So, kind of extreme, but we have done some startling research and hope that this is a road that will keep us away from the "C" word for the rest of our lives. One big driving force is wanting to have more kids. We want to make sure that I am healthy and stable and strong enough to have a healthy and normal pregnancy. We also want to make sure that I don't pass any residuals on to a new baby in the womb, and heavy metals are a big concern there. Plus, a fresh start is a great way to cleanse and move forward, and work on positive energy in a new, and hopefully enjoyable year ahead.
So here's to new beginnings, new horizons, and hopefully not having so many reminders that I am (technically) still a cancer patient.

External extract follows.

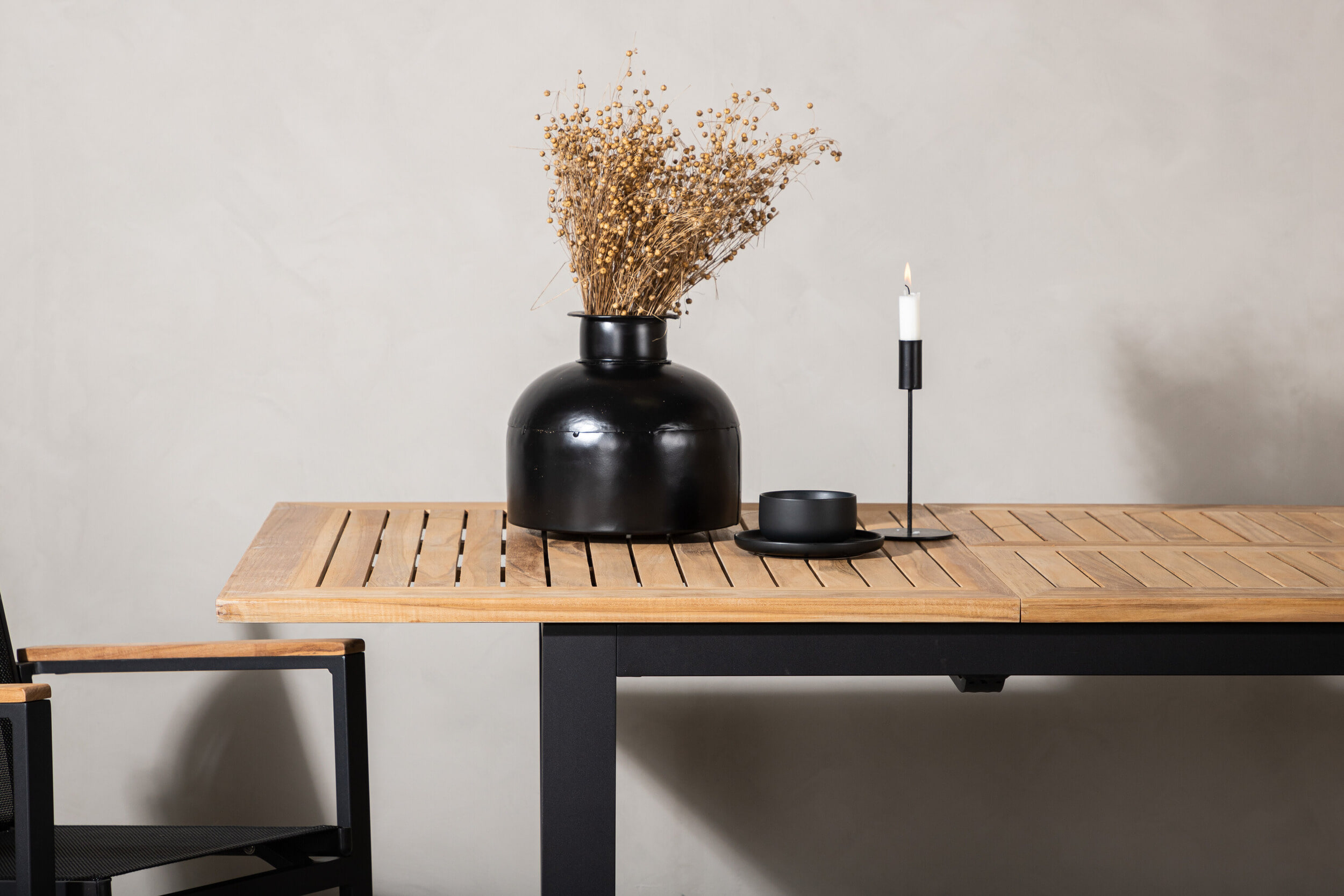 Nohr Uitschuifbare Tuintafel 'Taysha' Teakhout, 152/210 x 90cm, kleur Zwart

I think I forgot that I had my own six month battle that I went through. Mine was so comparatively easy, that I keep forgetting that it happened. I feel good, my hair is coming back, I've (sadly) gained back all the weight I had lost, and now with Saoirse gone, and no more baby to take care of, I almost feel as if the past year and a half never happened. (ok, so this is a whole other can of worms that needs its own post... I'll get to that later.) Time is kind of stopped, and the world around me just sort of exists.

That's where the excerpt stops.